Sydney’s newest harbour headland park, Barangaroo Reserve celebrates its first birthday this weekend with one million people already visiting the headland in the first year.
NSW Minister for Tourism and Major Events Stuart Ayres said one million visitors to Barangaroo Reserve in its first year is an outstanding result.
“Just like the Opera House and the Sydney Harbour Bridge, Barangaroo Reserve is quickly becoming a ‘must see’ on the itinerary, with more than 250,000 visitors in the past year from overseas or interstate,” Mr Ayres said.
“Barangaroo Reserve is one of the most visionary pieces of landscape infrastructure in the world and like its namesake is steeped in our city’s history. Barangaroo was a powerful woman at the time of European settlement, and Bennelong was one of her husbands.

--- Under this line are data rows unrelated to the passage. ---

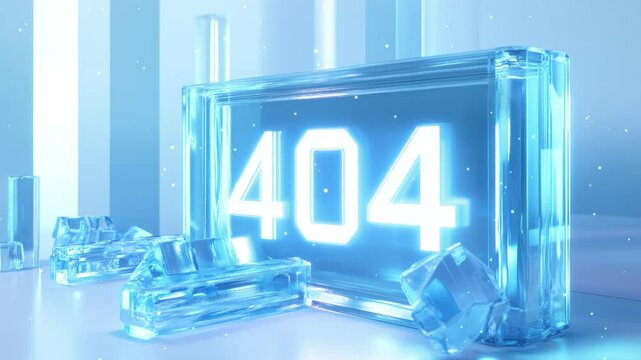 3D illustration 404 website error, light white and blue, glass as material, translucent layer style, technology style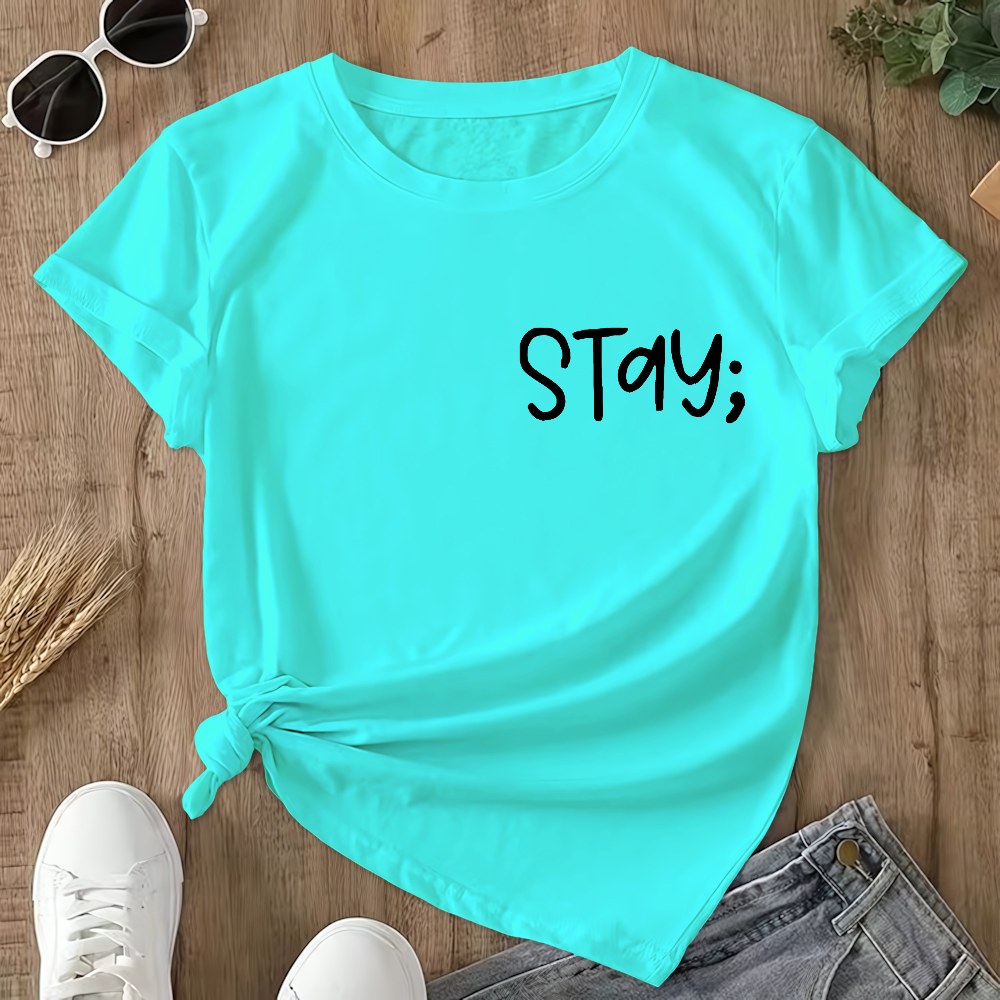 Stay The World Is Better With You In It Suicide Awareness Double-Sided Cotton Printed T-Shirt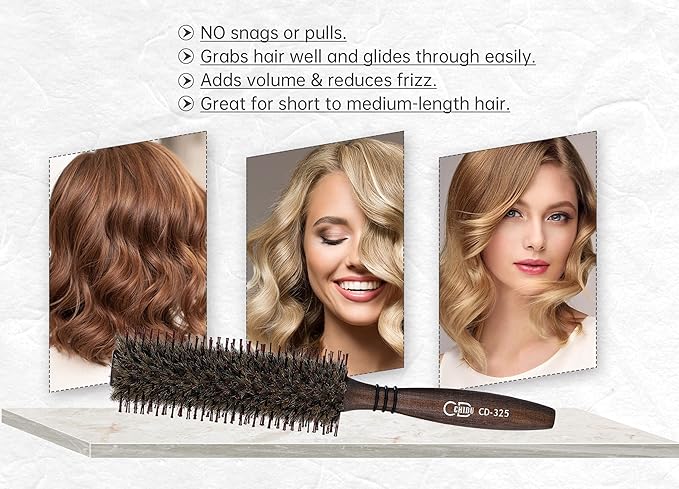 PERFEHAIR Round Boar & Nylon Bristle Hair Brush - 1.9 Inch, Small Styling Smooth, Shine Hairbrush for Blow Drying, Curling Men's and Women's Short, Medium, Thin, Fine Hair, Natural Wooden Handle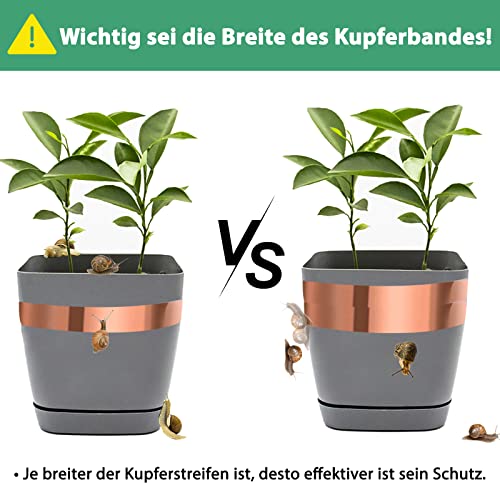 Nepfaivy Schneckenschutz Kupferband gegen Schnecken Selbstklebend- 70mm × 20m Schneckenabwehr Kupferband Hochbeet Gärten Balkone für Pflanzenschutz, Kupferfolieband EMI Abschirmband 3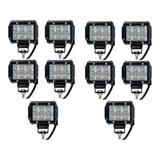 Pack De 10 Faros Auxiliar Proyector 18w 6 Led Cree Auto Moto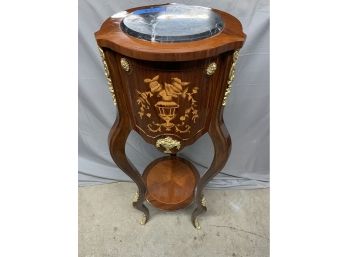 Inlaid Marble Top Pedestal With A Gold Ormolu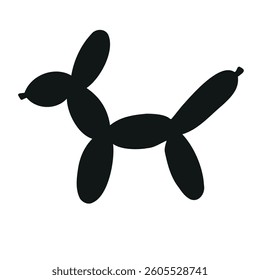Vector hand drawn sketch doodle air balloon dog silhouette isolated on white background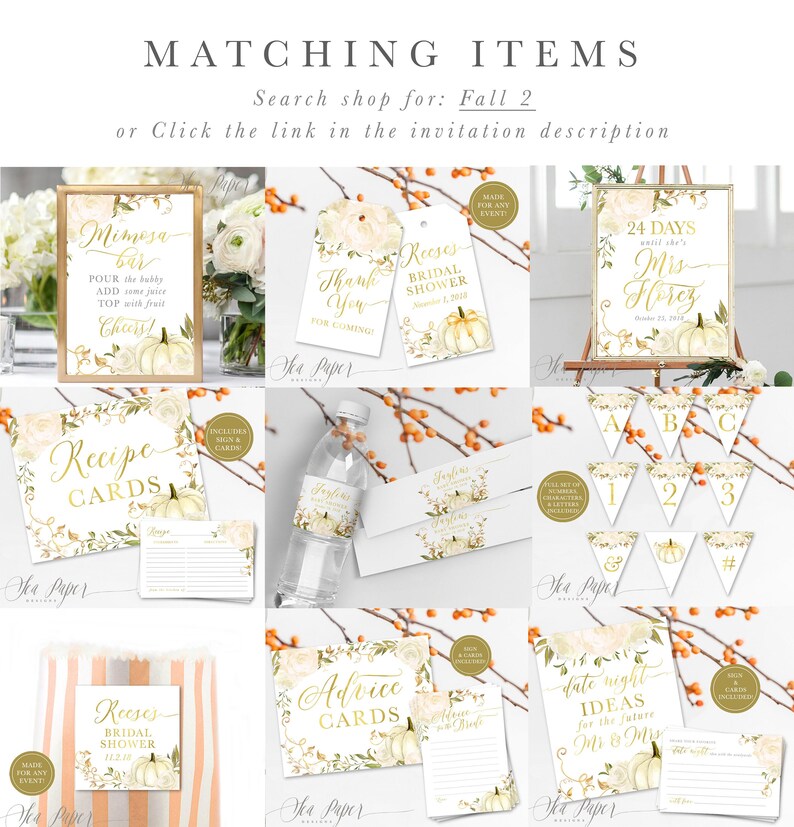 Custom Fall Bridal Shower Invitation: Fall in Love, Autumn Bridal Shower Invite Pumpkin, Gold & Roses - Fall 2 - Fall2BR01a Bild 5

“Even if you’ve visited Barangaroo in its first year, this Sunday’s free family fun day shouldn’t be missed with free activities amongst the stunning backdrop of the last day of ‘Sculpture At Barangaroo’ exhibition.
Barangaroo Delivery Authority Chief Executive Craig van der Laan said the Aboriginal cultural tours, award-winning landscape architecture and the blossoming flora make it a major CBD drawcard.
“The social and community benefits of the Reserve in its first year have been far reaching,” Mr van der Laan said.
“We have played host to dozens of cultural events, performances and sporting activities from New Year’s Eve and Australia Day to the Sydney Festival and NAIDOC Week which drew 14,000 visitors to learn more about Aboriginal culture.
“More than 4,000 people have explored the site’s rich Aboriginal historical and cultural significance through our tours.
“The 75,000 native plants, shrubs and trees planted last year have taken off, with the wattle currently in full bloom and the banksia, coral pea and westringia all coming into flower, so it’s paradise for garden lovers.”